Lorgar nodded. "I know. Did you think I wouldn't ? There are no tricks left that the Dark Gods haven't already tried on me, Sanguinius, save those their hollow minds cannot comprehend. I know the Lion is a puppet, his very thoughts made to dance for the amusement of the God of Lies. But it changes nothing. It is in the nature of Chaos to destroy itself, and just because the Lion's remorse is at the sufferance of his slave-master, does not mean it cannot be the key to his salvation."
"If you truly believe this, then you are a greater fool than We took you for, Lorgar."
"Perhaps," admitted Lorgar. "I choose to have faith, regardless. But you ? I do not know how much of your damnation is the result of your own choices, and how much was caused by the terrible power that consumed your destiny. But in the end, it doesn't matter. You are a monster, however you came to that ruinous state. An abomination against Humanity and the universe. There is nothing left in you to save, no way to redeem you but death."
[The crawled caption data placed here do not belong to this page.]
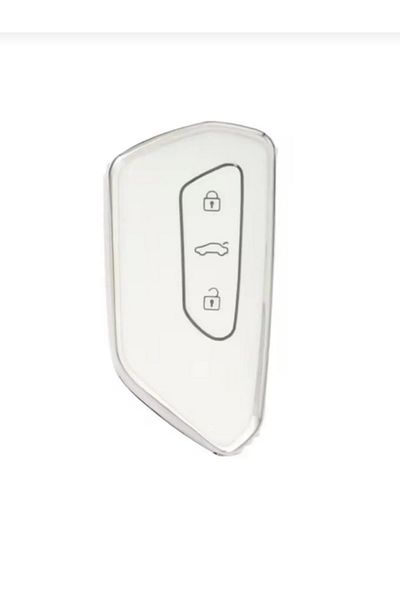 GMA KEYS Golf 8 2021+ Caddy 2021+ Tiguan 2024 Leon Cupra Formenter Nano Key Case White Silver Color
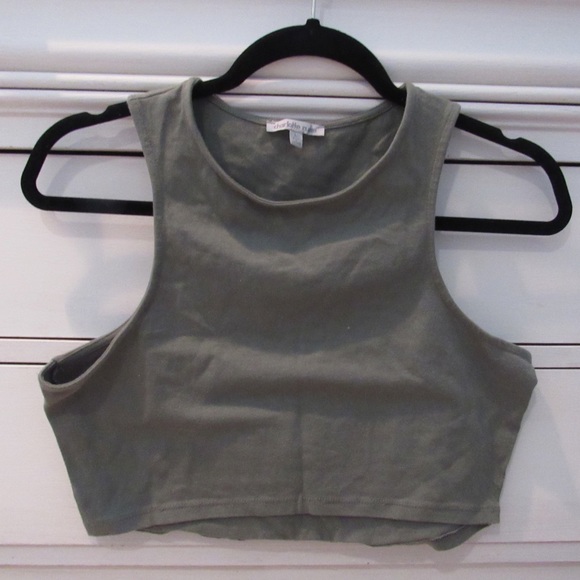 Green Razorback Crop Top Tank - Picture 2 of 3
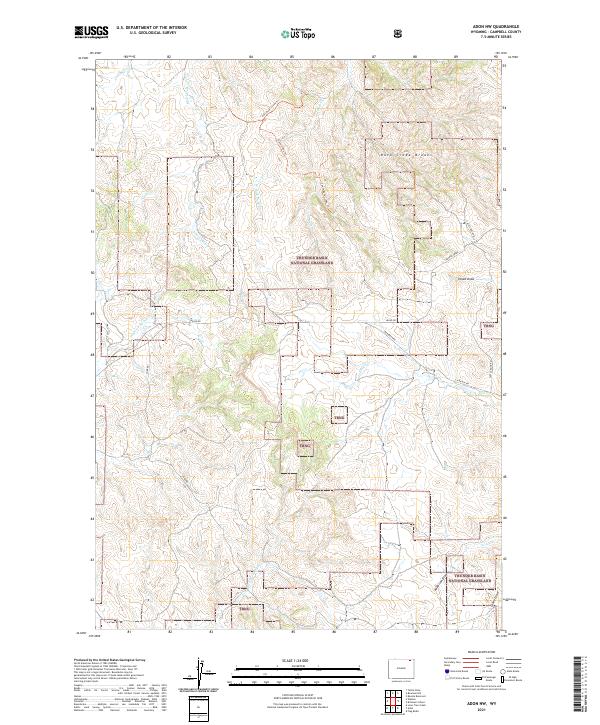 Adon NW, WY — USGS 7.5-minute topo (2021)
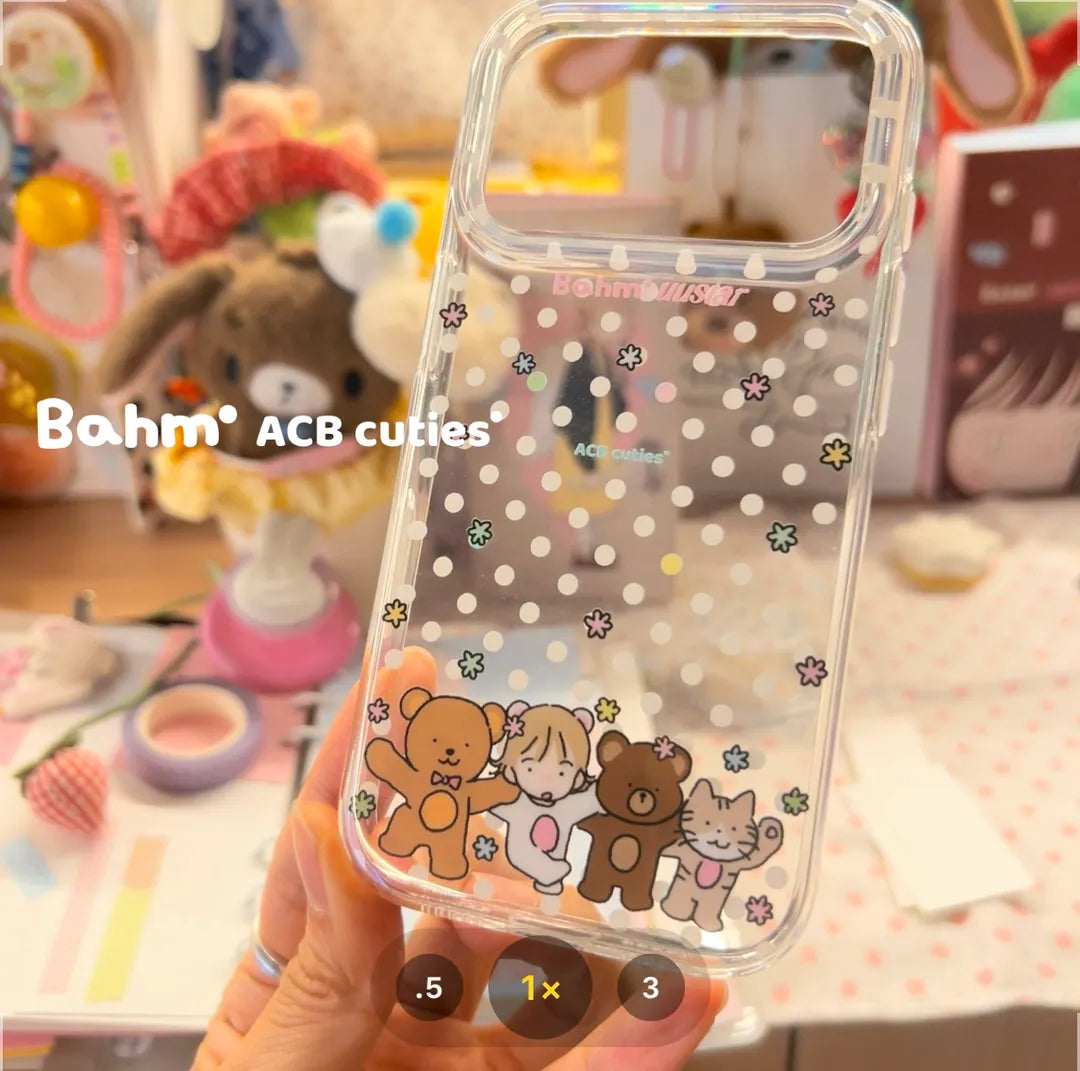 Polka-Dot Waltz Phone Case - BAM009IMD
"You cannot kill Us," and there was nothing of Sanguinius' old self in the voice that spoke now, only the Angel of Ruin. "We are the hunger for greatness that lurks within the souls of men. We are the desire that drives all transgressions by those who know better. We are eternal !"
"That," said Lorgar calmly, "is just another lie the Dark Gods told you. Everything great about you has been taken away, until what stand before me is nothing but a posturing spirit, bloated with corrupted power that was never really yours. There is no mask left for you to hide behind like a shield, Sanguinius. No false light to blind your foe. You are exposed, Angel, and you stand alone."
"We need no one else to kill you, brother," laughed Sanguinius, and the discordant sound of his laughter clashed against the aura of the Sword That Was Promised like a dying scream in the middle of the night. "Let Us demonstrate !"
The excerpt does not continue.